IEEE 802 and 3GPP are working together more on coexistence of Licensed Authorized Access (LAA) and Wi-Fi. Since November, each group has made a presentation to the other. There’s been an exchange of liaison statements, the latest on March 18 when IEEE 802 sent 3GPP two statements containing several requests and recommendations.
LAA is being defined for 3GPP Release 13, due out in early 2016. It’s a subset of unlicensed LTE (LTE-U), which is also supported using protocols in Releases 10, 11, and 12. LTE-U bundles licensed and unlicensed spectrum to increase capacity.

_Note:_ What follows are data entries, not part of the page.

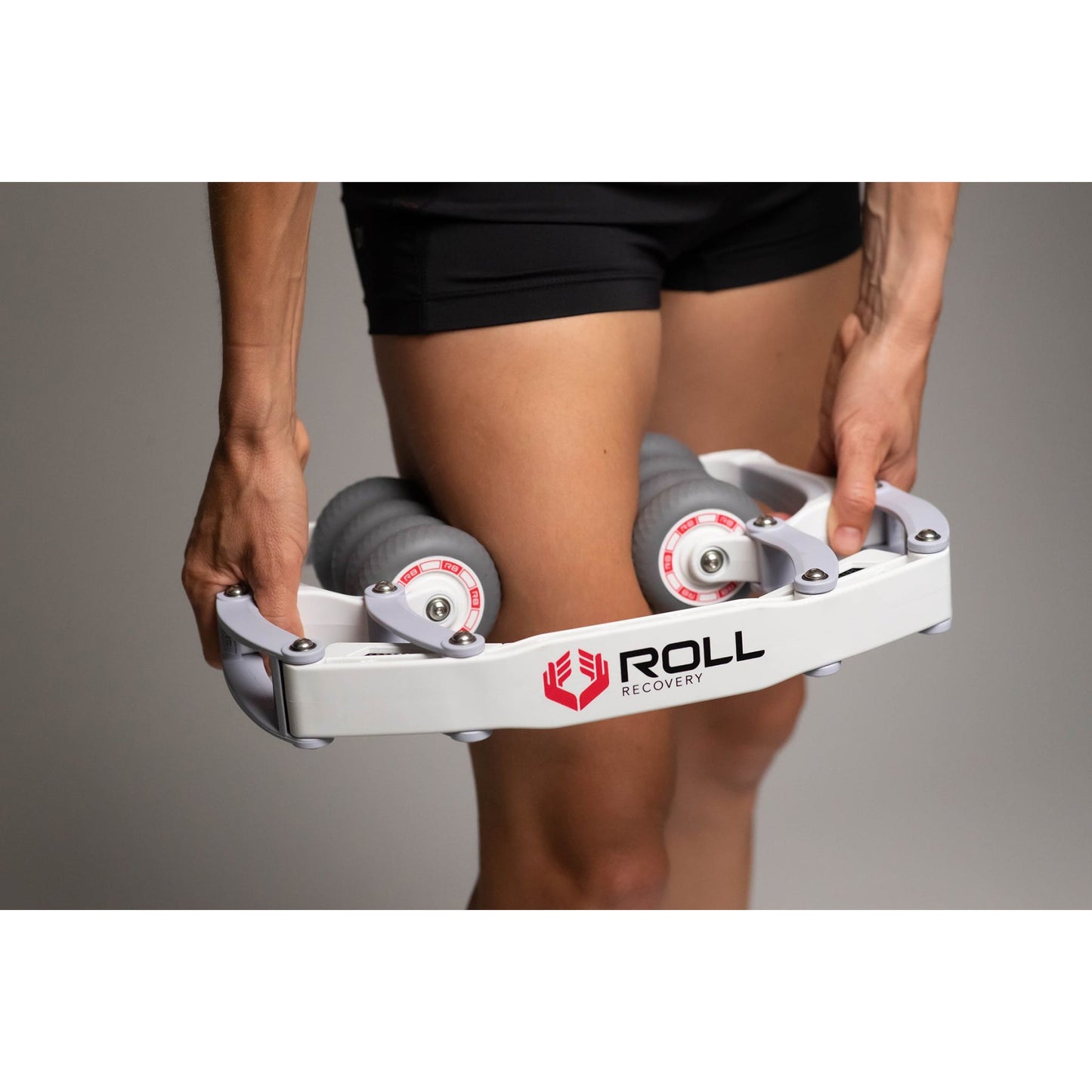 R8 Deep Tissue Massage Roller - Carbon Black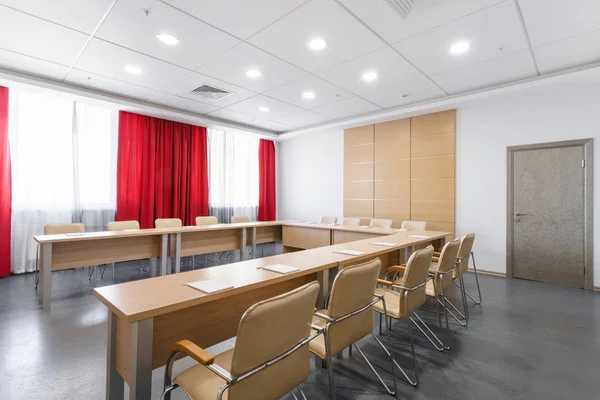 Sala de conferências moderna vazia no novo hotel. Espaço para treinamento, educação, aulas em grupo, exames. Audiência para palestrantes na convenção de negócios e apresentação . — Fotografia de Stock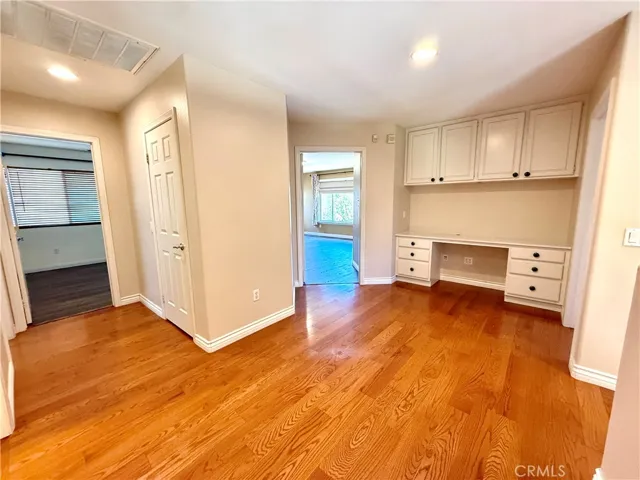 Upstair loft with study area
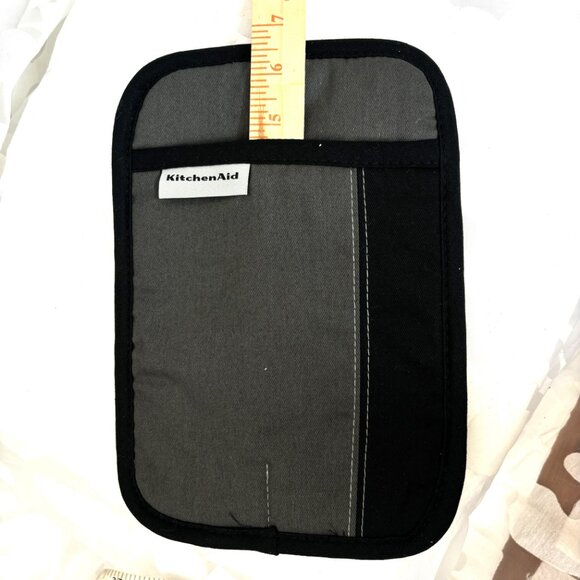 KitchenAid Beacon Non-Slip Pot Holder 2 pc Set Two-Tone Silver/Onyx Black NWOT - Picture 7 of 8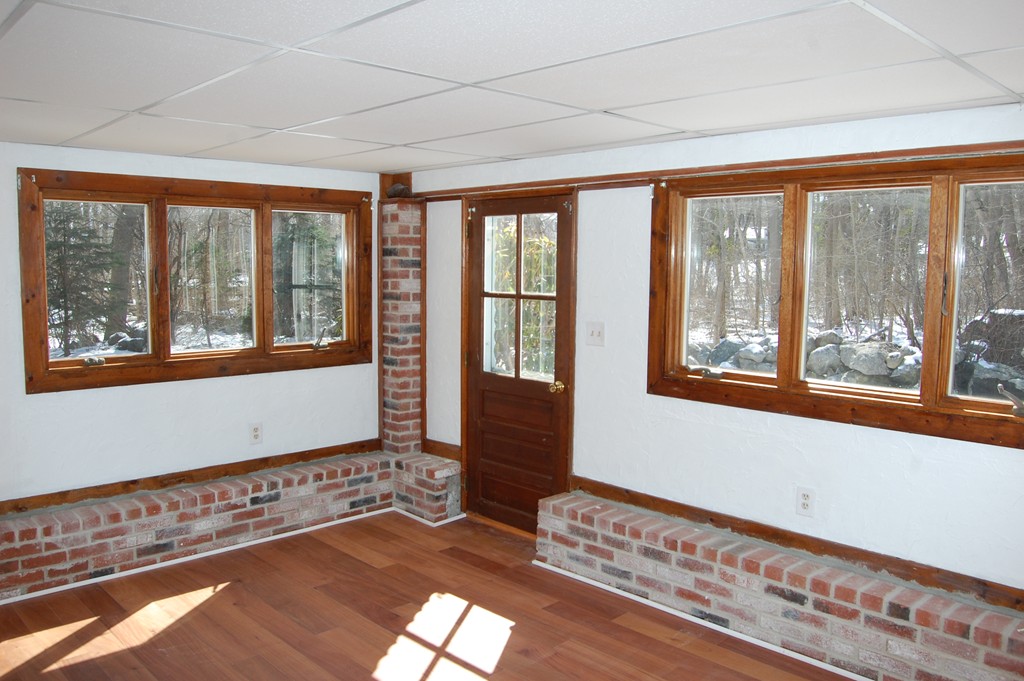 21 Paul Street Canton, MA 02021 - Photo 13 of 24 Gallery Image 13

IEEE 802 is concerned that LTE-U can essentially control the band it shares with Wi-Fi. LTE can transmit when it wants. Wi-Fi transmissions are contention based, and will back off back off exponentially after each failed transmission.
3GPP has proposed mechanisms in LAA to provide for “fair” sharing by apportioning transmit time to each technology. Since it’s LAA that does the apportioning, the definition of fairness and details of the medium sharing algorithms concern IEEE 802. Likewise, since the effectiveness of proposed solutions is determined in part by modeling, assumptions used in simulations, such as device density and traffic type (FTP, voice, video, etc.), are relevant. In sum, IEEE 802 wants Wi-Fi and LAA to have equal access to the band regardless of use case — a sort of unlicensed neutrality.
A related concern to some IEEE 802 members is LTE-U operation proposed by some operators this year, using protocols in existing 3GPP specifications (pre-Release 13). The LTE-U Forum, formed last year by Verizon along with several vendors, recently released a coexistence specification and other technical documents for non-LAA LTE-U. Some in IEEE 802 would like more details on these, but 3GPP and LAA is the focus at the moment.